Aspen Councilman and RFTA alternate Terry Paulson said the organization should concentrate on finding revenues for the current bus system and stop pursuing “dreams” like building the trail and building a Bus Rapid Transit system or BRT.

The BRT is essentially an ultramodern version of RFTA that would feature a handful of high-tech bus stops where customers would purchase tickets in advance and scan them as they load. Buses would make fewer stops in the valley so riders would reach their destinations quicker.

The vision is to create a bus system that competes better with private vehicles.

Paulson said it seemed “unrealistic” to pursue funding for those dreams “when the foundation is crumbling.”

At the prompting of other board members over the last three months, the RFTA staff has been forced to look at numerous budget scenarios with and without spending on trail construction and with budget cuts.

But the majority of board members seemed to indicate Thursday they don’t want to consider drastic cuts in service or give up trails or the Bus Rapid Transit system.

Pitkin County Commission and RFTA board chairwoman Dorothea Farris objected that giving up on trail construction and the BRT would “gut two-thirds” of what the organization is supposed to be.

Basalt Councilwoman and RFTA board member Jacque Whitsitt said the board should stick to its vision despite tough economic times. “We keep coming back and rehashing these vision things,” she said.

So the vision stayed intact Thursday, but the method of paying for it remains unresolved.

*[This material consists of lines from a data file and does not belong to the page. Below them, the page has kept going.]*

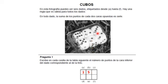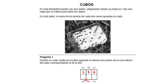El dado C en la cara superior tiene el número 3. Para sumar 7, en la cara inferior debe estar el número 4. El dado D en la cara superior tiene el número 5. Para sumar 7, en la cara inferior debe estar el número 2.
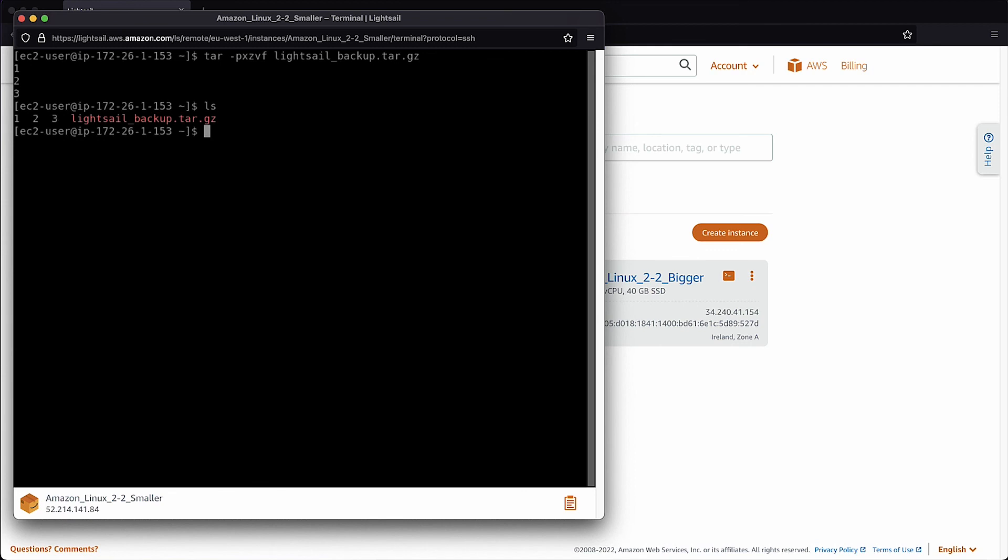And that's it. Now you have a smaller LightSail instance plan with all your data. And now you know how to change your Amazon LightSail plan. Thank you for watching and happy cloud computing from all of us here at AWS.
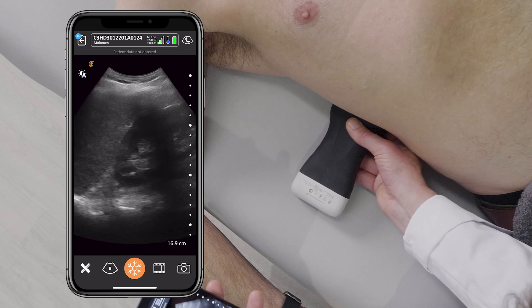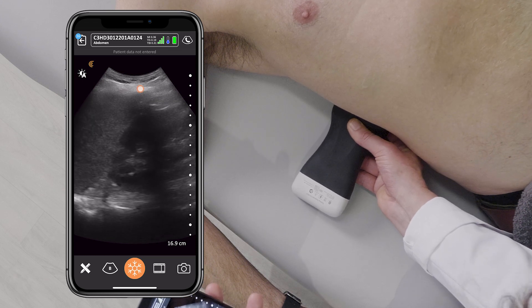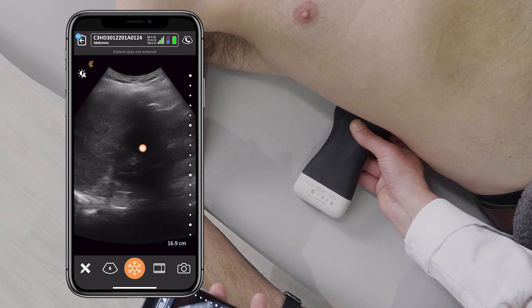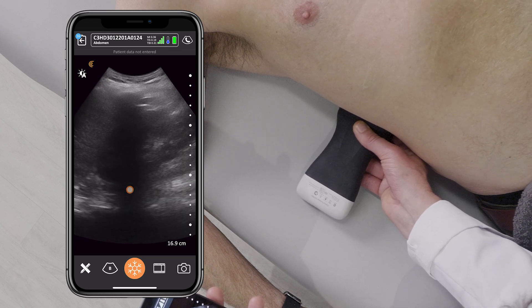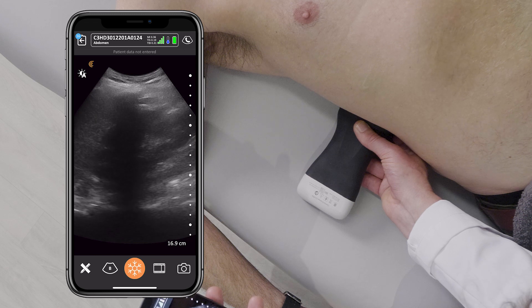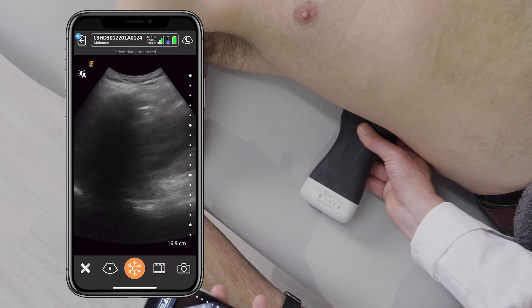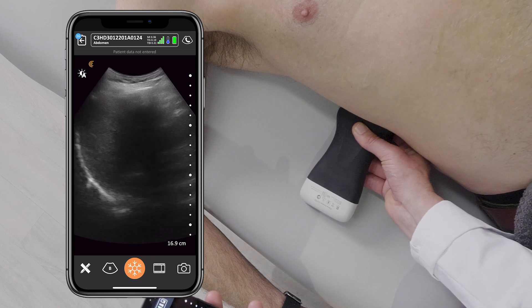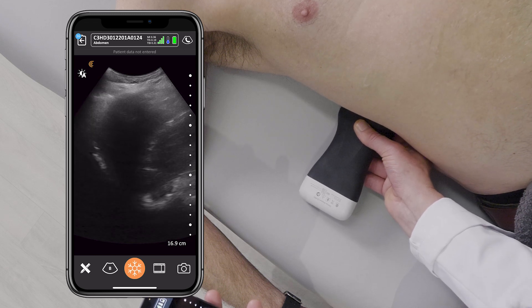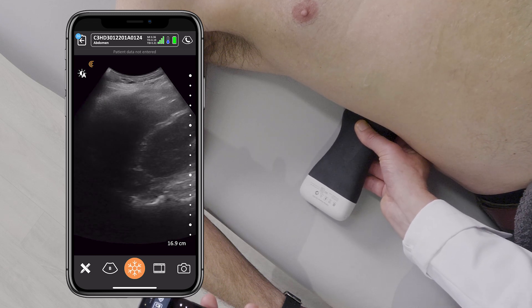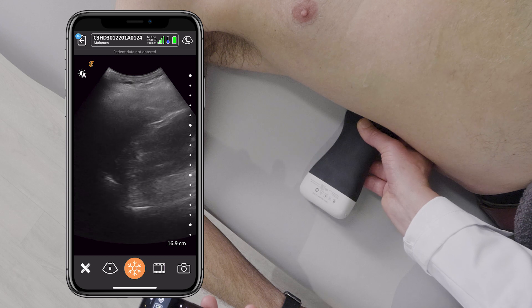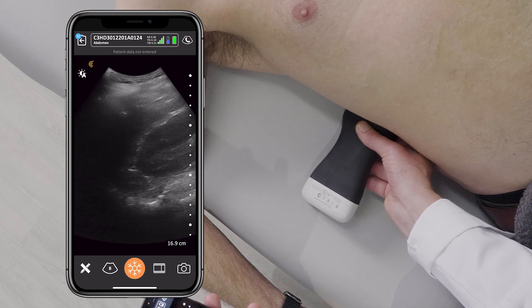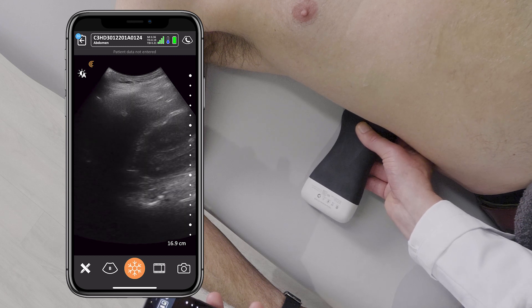If I'm having trouble seeing the kidney because of a rib shadow, I can ask the patient to take a small breath, and this can bring the kidney right onto my probe. Breathe out.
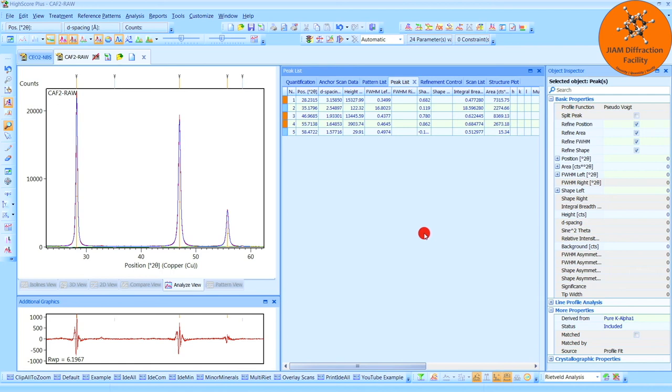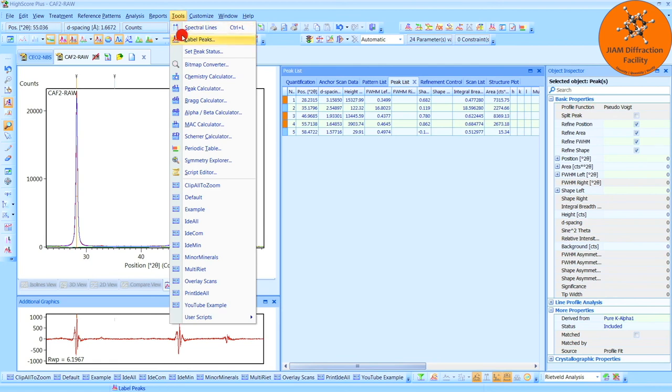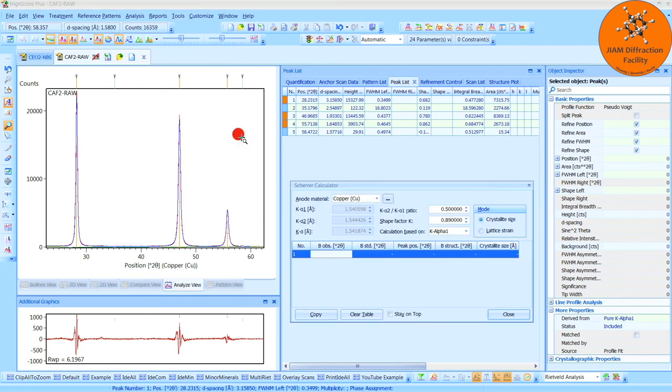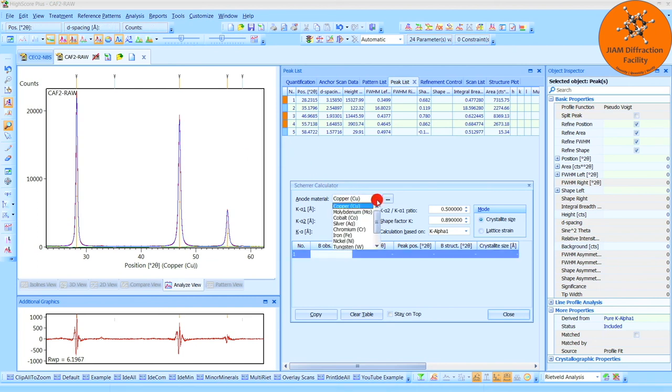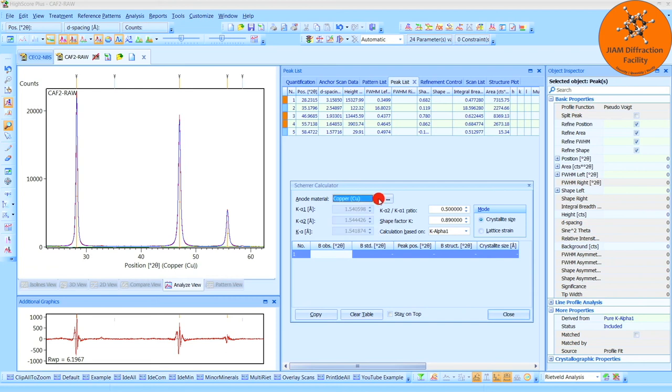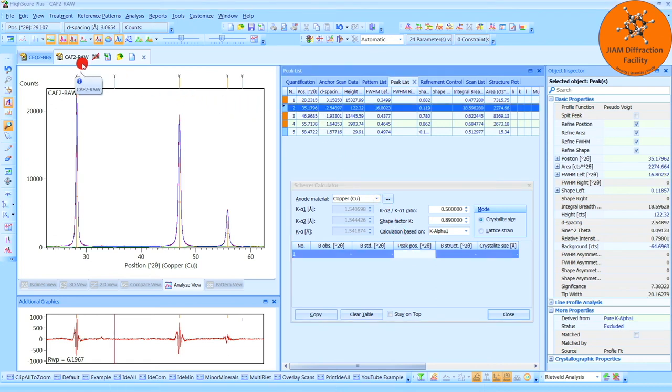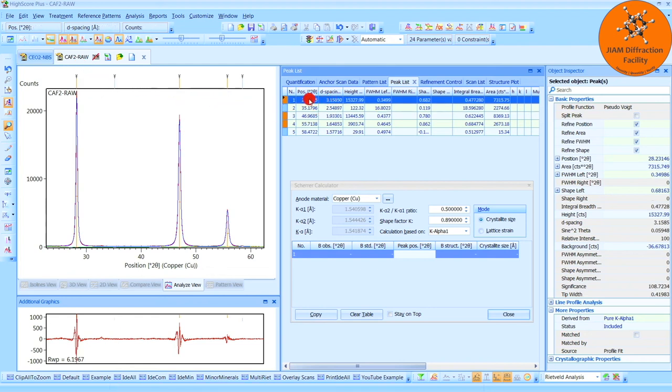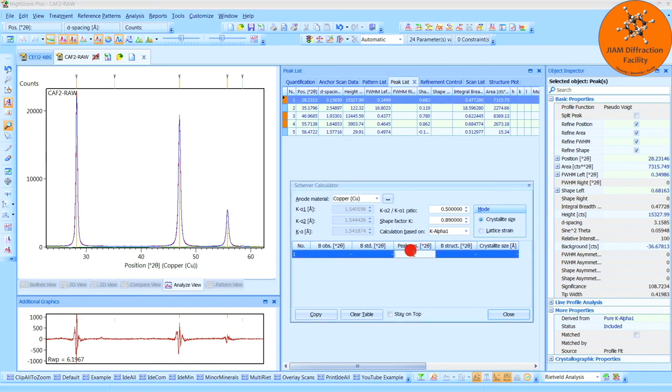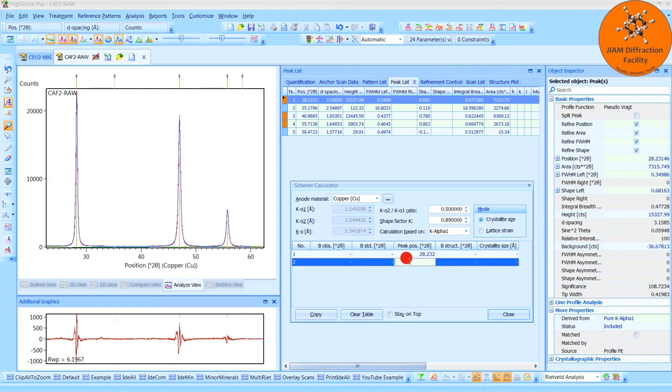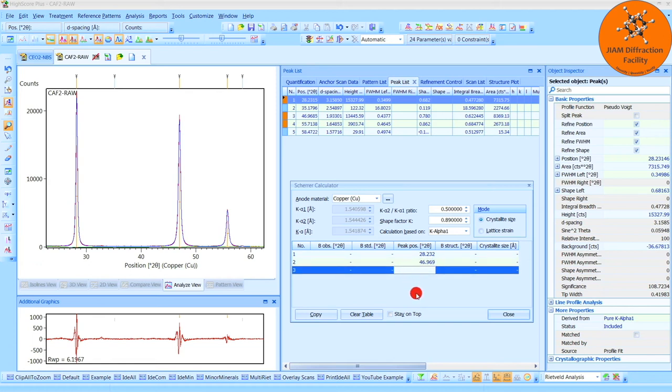For the Scherrer analysis, we can simply go to Tools, and choose Scherrer Calculator. Here, for the anode material, you will want to choose whichever anode you used for your experiment, copper, molybdenum, cobalt, whatever it is that you have. This experiment used copper, so I will keep that. The shape factor I will talk to you about in a moment, but I like to start with the Peak Position column. And this is the peak position of the peak that you want to analyze from your sample of interest. So in this example, fluorite. So that we will get from this column, and I will fill that in for each of these three peaks. So the first peak is 28.232. Next, we have 46.969. And then 55.714.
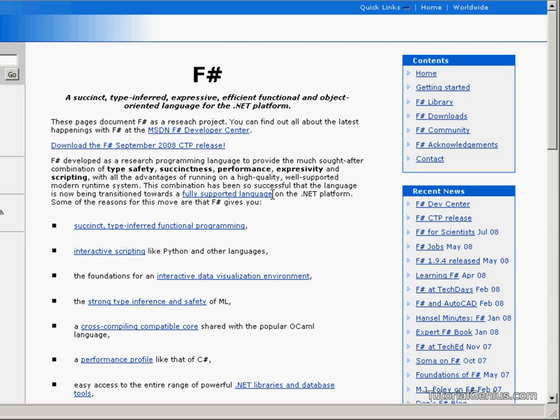So in computer science, functional programming is a programming paradigm that treats computation as the evaluation of mathematical functions and avoids state and mutable data.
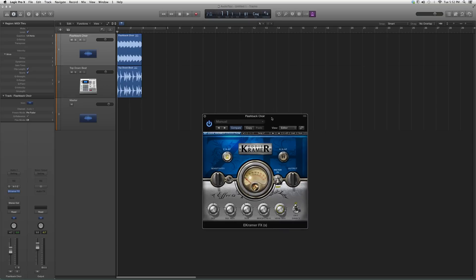But basically this is the Flashback Choir Eddie Kramer, which is the eKramer FX for short.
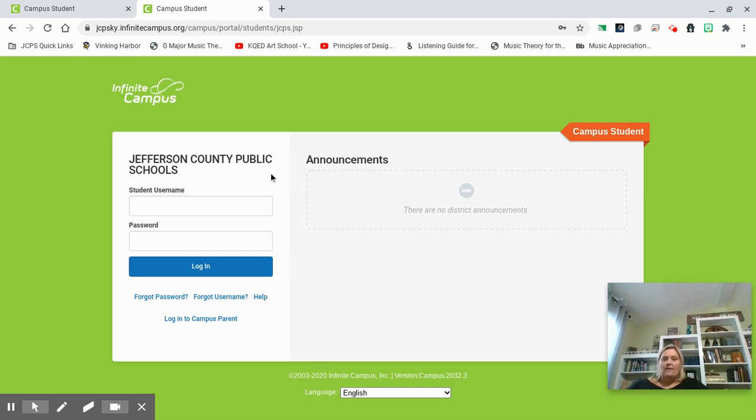If you have any other questions, you can use the school website and email your counselor. Thank you! I'm looking forward to a great year!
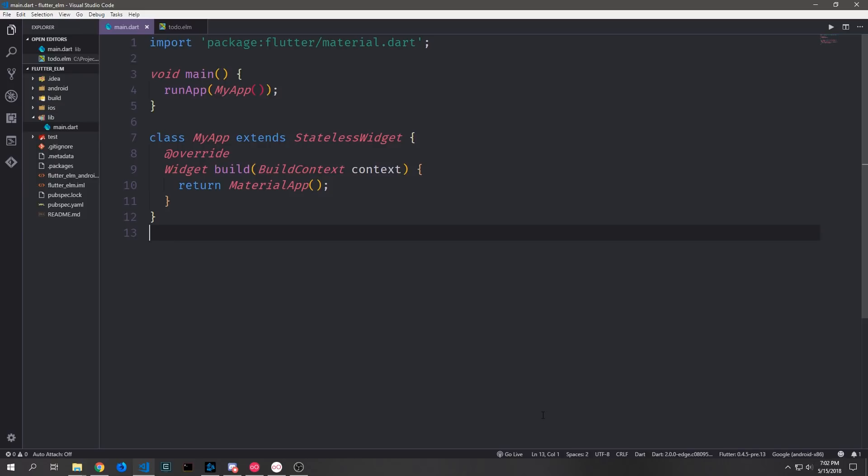Elm is a functional language with roots in ML and Haskell, and it compiles down to JavaScript. It has a very opinionated pattern that you tend to follow when you build Elm applications.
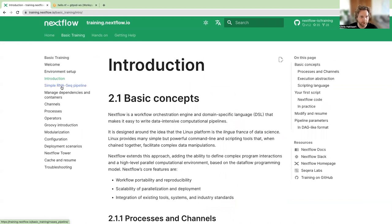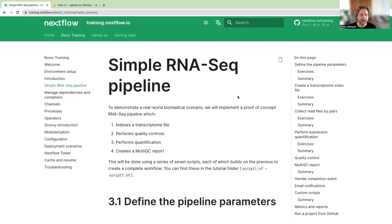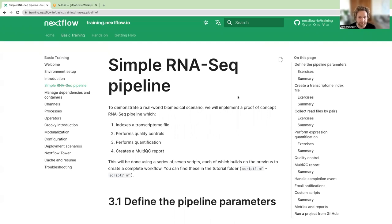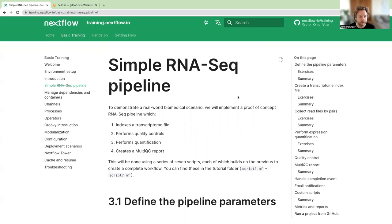Next, we'll move on to the simple RNA-seq pipeline, which is a demonstration of a real-world biomedical scenario. We call it a proof of concept because it isn't a real RNA-seq pipeline — it's just using some commonly used bioinformatic tools as an example. If you're unfamiliar with RNA-seq and coming from outside the life sciences, please don't worry too much about what the tools are doing. Focus on the big concepts rather than exactly what's happening with each script.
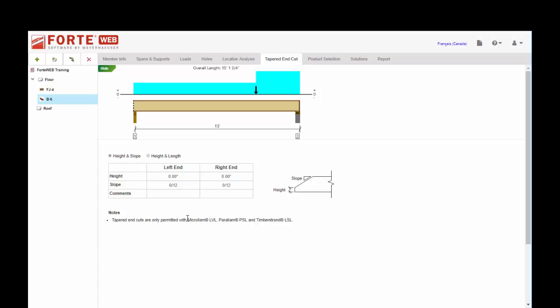We do also have load linking available to you to use for all the member types in Forte Web, and that's going to be covered in another video. And that about covers it for the different types of loads that are available to you in Forte Web for use when sizing beams with more complicated loading scenarios.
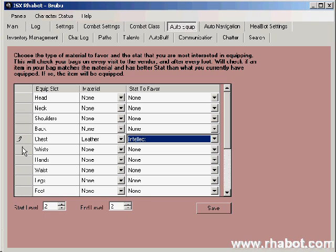What's going to happen is every time I loot a chest item, or I buy a chest item, or I gain one from a quest, Raybot is going to check your inventory to see if that chest item is better than what you have equipped. It will check to see if the material matches the rule, so if you loot a cloth chest item, it will just skip it. It will next check the intellect on both items, the one in your inventory and the one you have equipped. If the intellect value in your inventory is better than what you have equipped, you'll equip the one in your bag and de-equip what you're currently wearing.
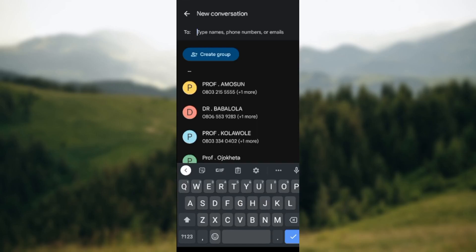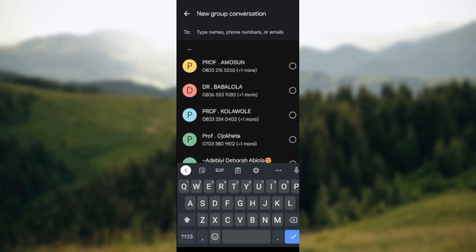So as you click on Create Group, all of your contacts will have a circle or a checkbox next to it. The next thing for you to do is to check the box of the contacts that you want to add or create to a group.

The board set a somewhat cloudy course on the issue of an exam by an outside consultant. They voted 5-1 to direct Dan Blankenship, RFTA’s chief executive officer, to study how much it would cost for such an outside review and how soon it could be done. He will report back to the board at the May meeting. Whitsitt cast the lone vote against looking into hiring an outside “hatchet man.”

No formal decision was made on whether or not to place a sales tax hike on the November ballot for the towns and counties already in RFTA.

Meanwhile, projections by RFTA Chief Financial Officer Heather Copp showed RFTA could have a $1.32 million deficit next year just in bus operations.